#### Work request
Give back exactly the line containing "Off white, disk" and all that follow it in the data below, with the pictures left out.

#### Input records
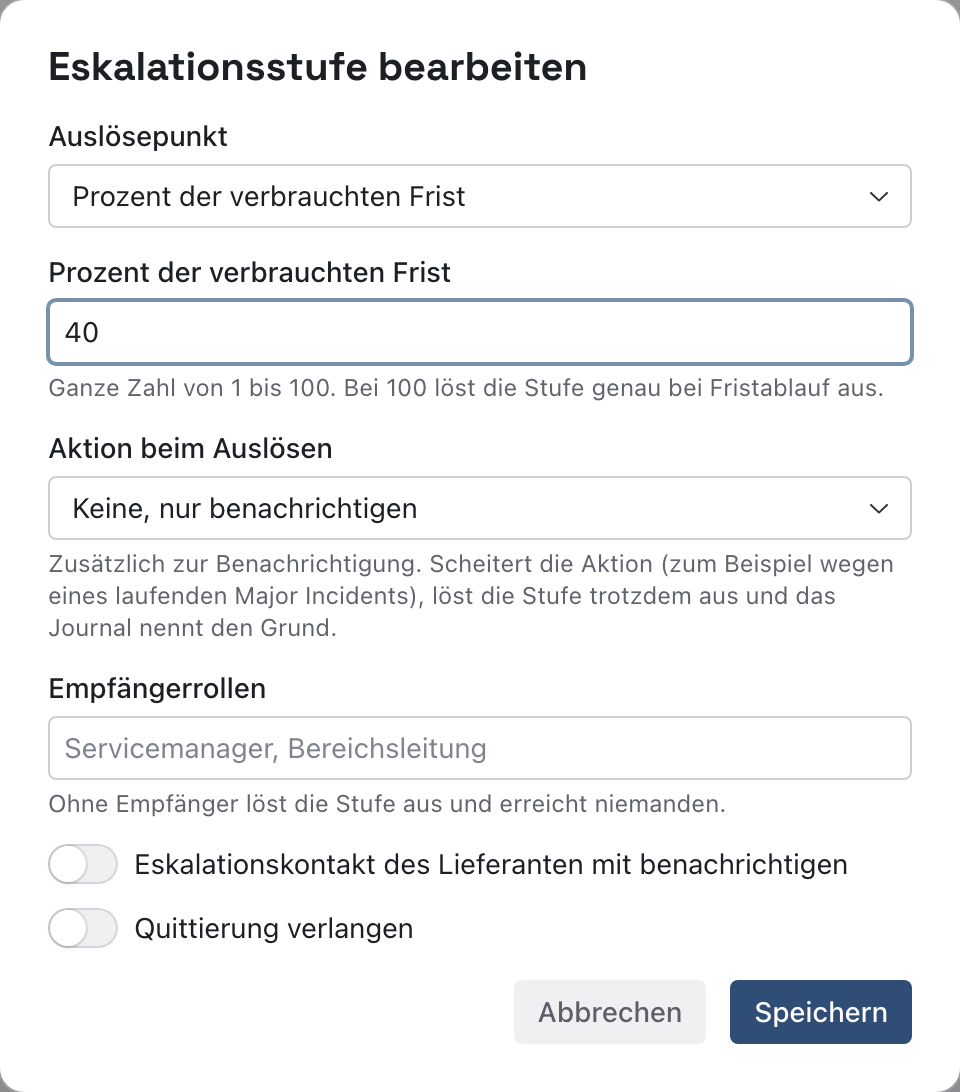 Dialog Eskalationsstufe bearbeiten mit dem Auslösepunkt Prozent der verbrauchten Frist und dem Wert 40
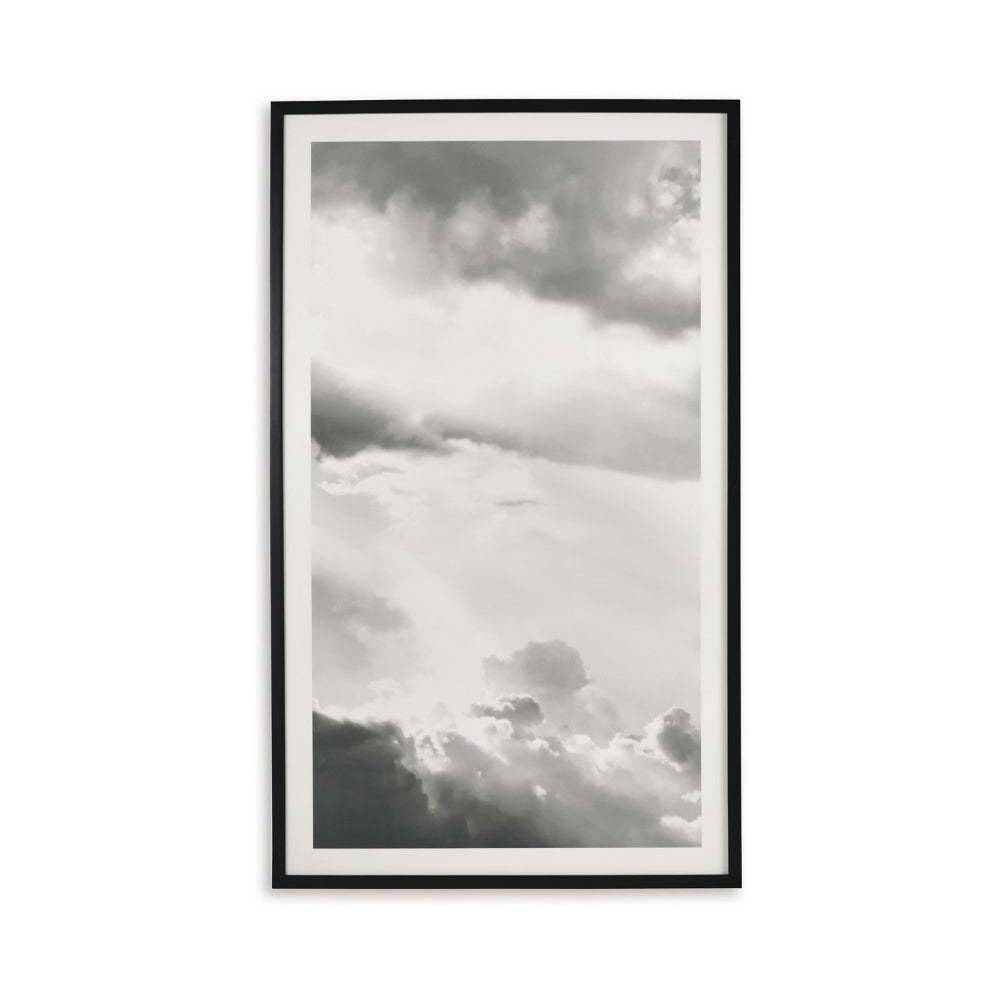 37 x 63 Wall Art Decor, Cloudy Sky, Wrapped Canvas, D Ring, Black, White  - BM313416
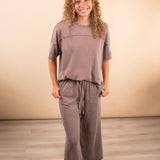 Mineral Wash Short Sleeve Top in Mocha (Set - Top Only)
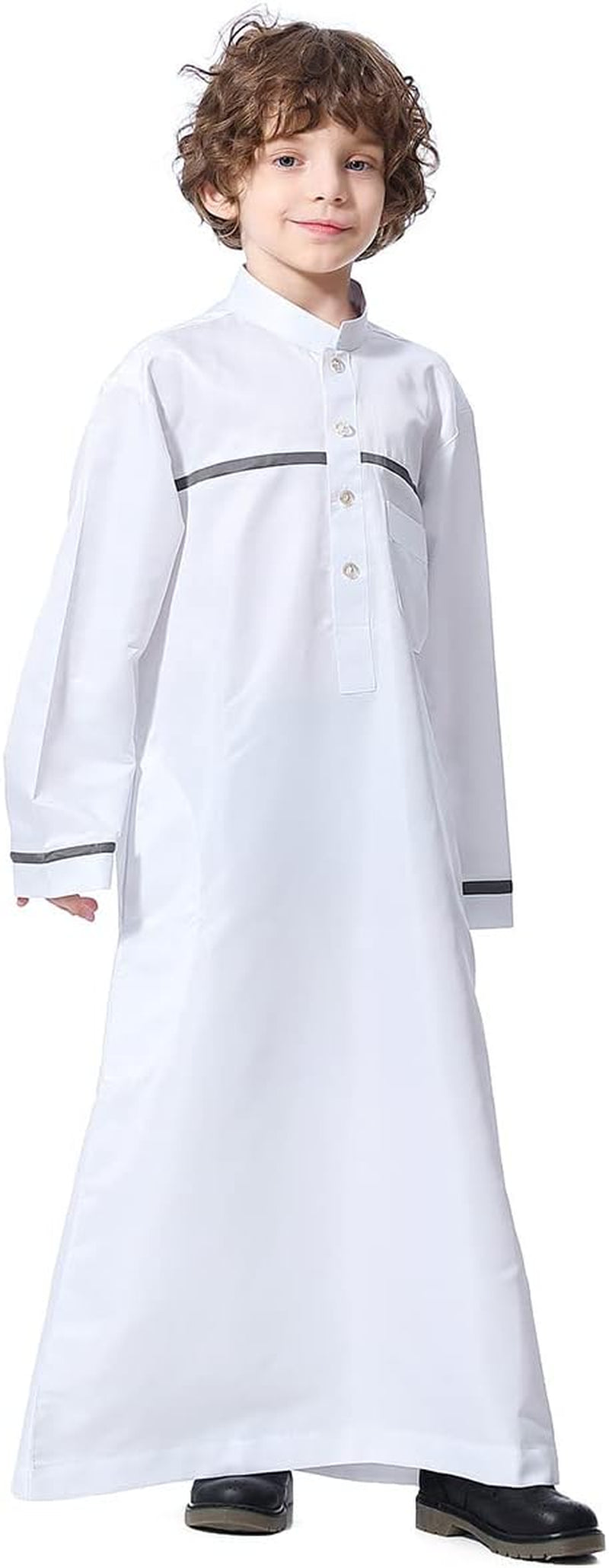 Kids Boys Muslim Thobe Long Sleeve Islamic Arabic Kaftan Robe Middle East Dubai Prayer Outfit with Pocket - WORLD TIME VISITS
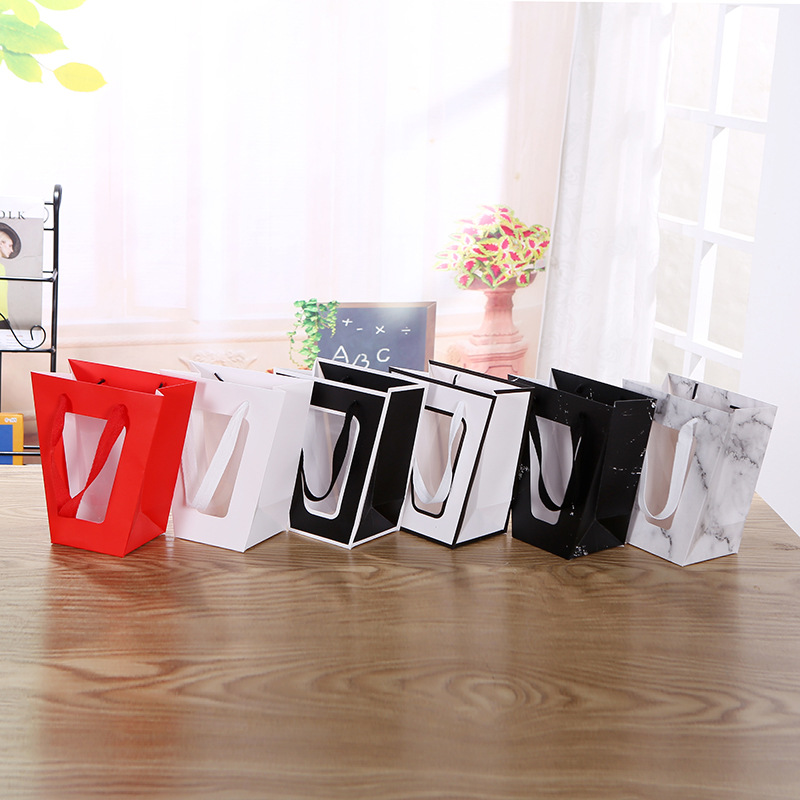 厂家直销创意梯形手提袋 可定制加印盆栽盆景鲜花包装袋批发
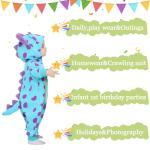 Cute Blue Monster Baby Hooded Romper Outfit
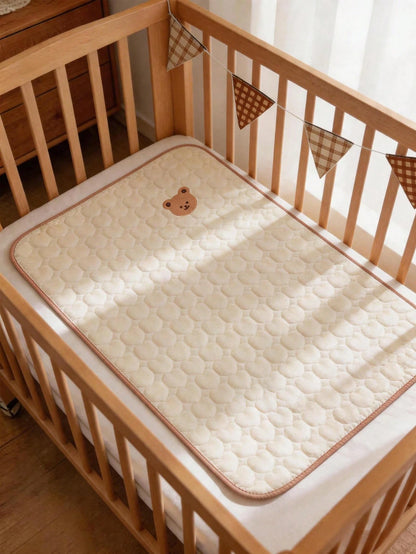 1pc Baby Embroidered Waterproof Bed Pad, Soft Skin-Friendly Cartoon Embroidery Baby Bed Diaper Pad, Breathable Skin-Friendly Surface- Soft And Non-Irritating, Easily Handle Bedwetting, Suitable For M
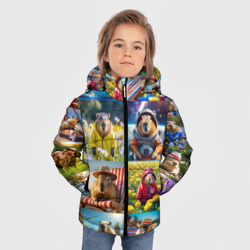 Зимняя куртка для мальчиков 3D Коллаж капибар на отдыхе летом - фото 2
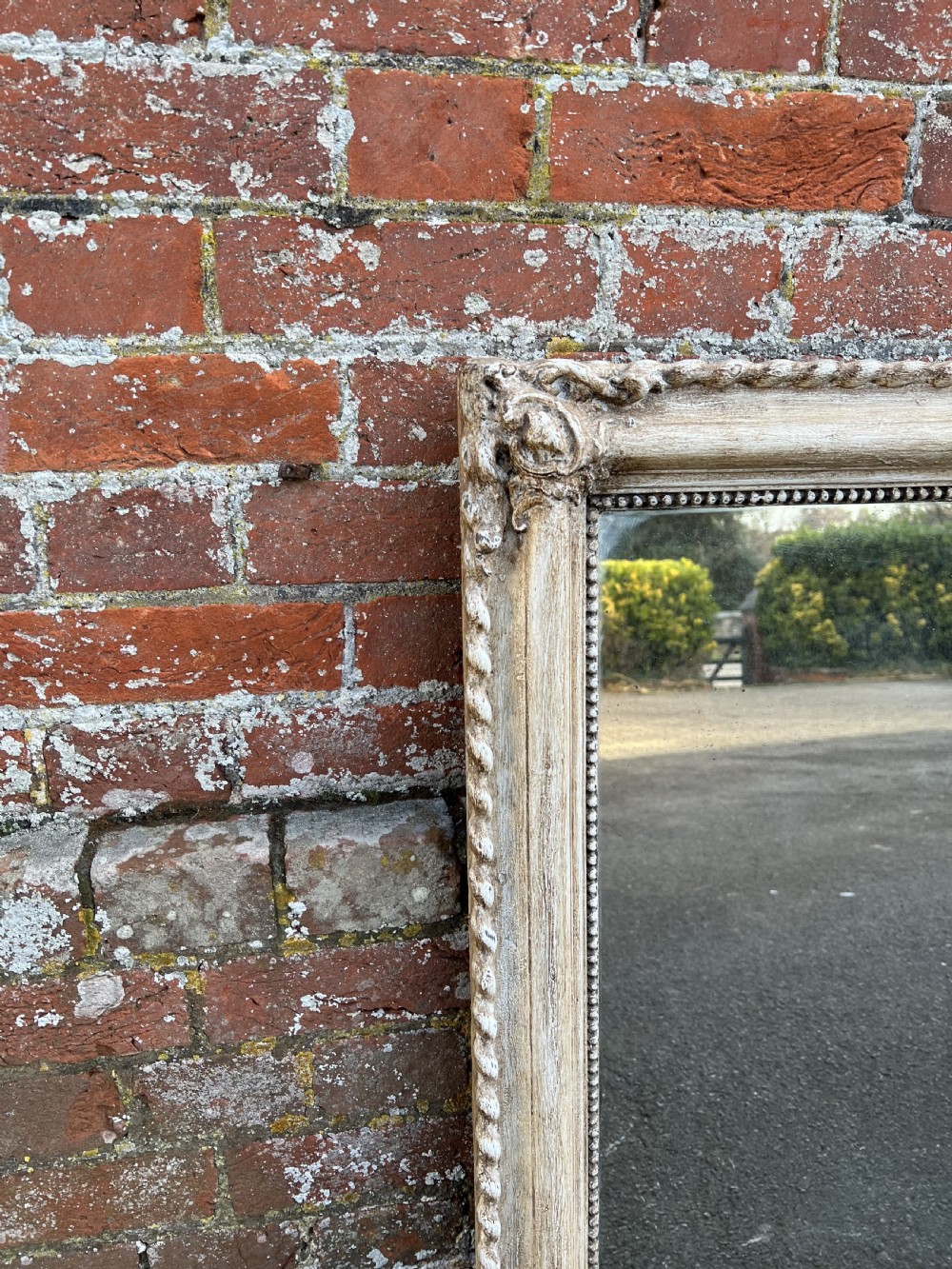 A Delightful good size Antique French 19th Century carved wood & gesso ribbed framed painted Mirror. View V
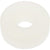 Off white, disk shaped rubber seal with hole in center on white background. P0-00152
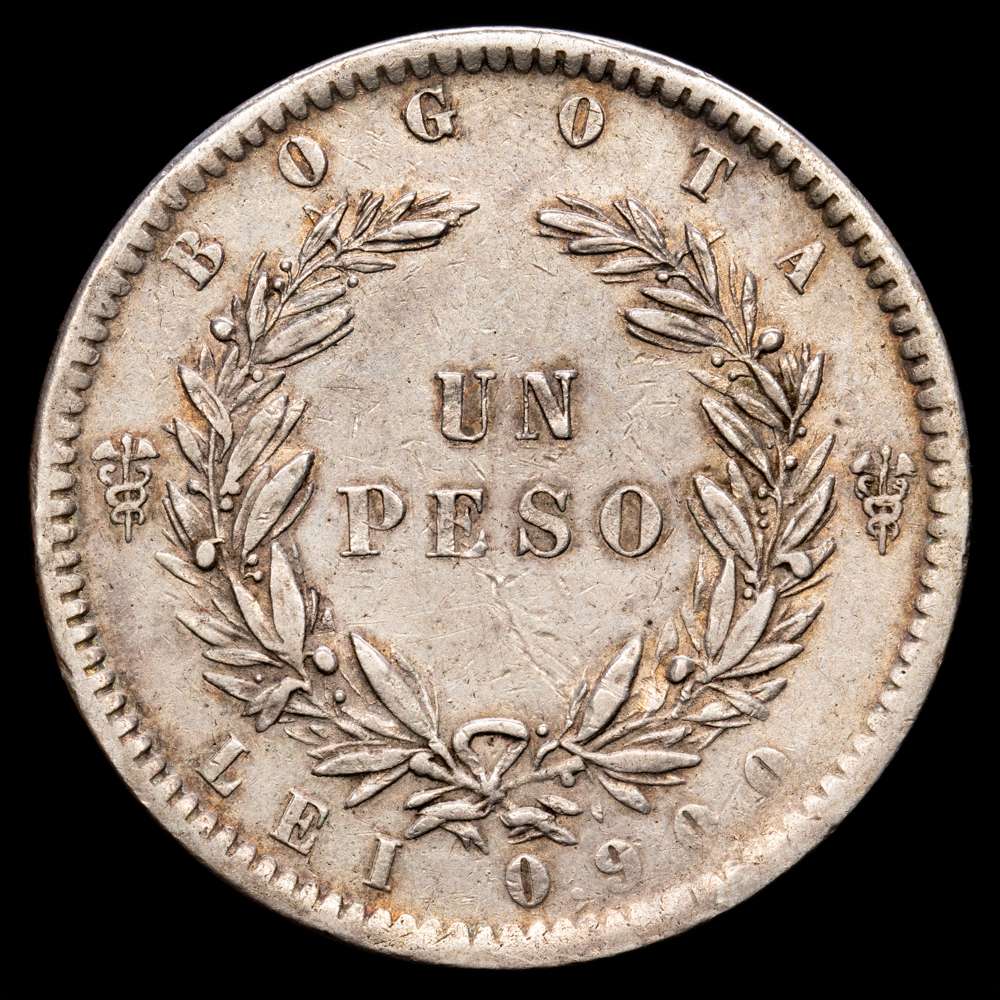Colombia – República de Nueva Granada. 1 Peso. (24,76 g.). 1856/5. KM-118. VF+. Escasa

#### Solution
 Off white, disk shaped rubber seal with hole in center on white background. P0-00152
Colombia – República de Nueva Granada. 1 Peso. (24,76 g.). 1856/5. KM-118. VF+. Escasa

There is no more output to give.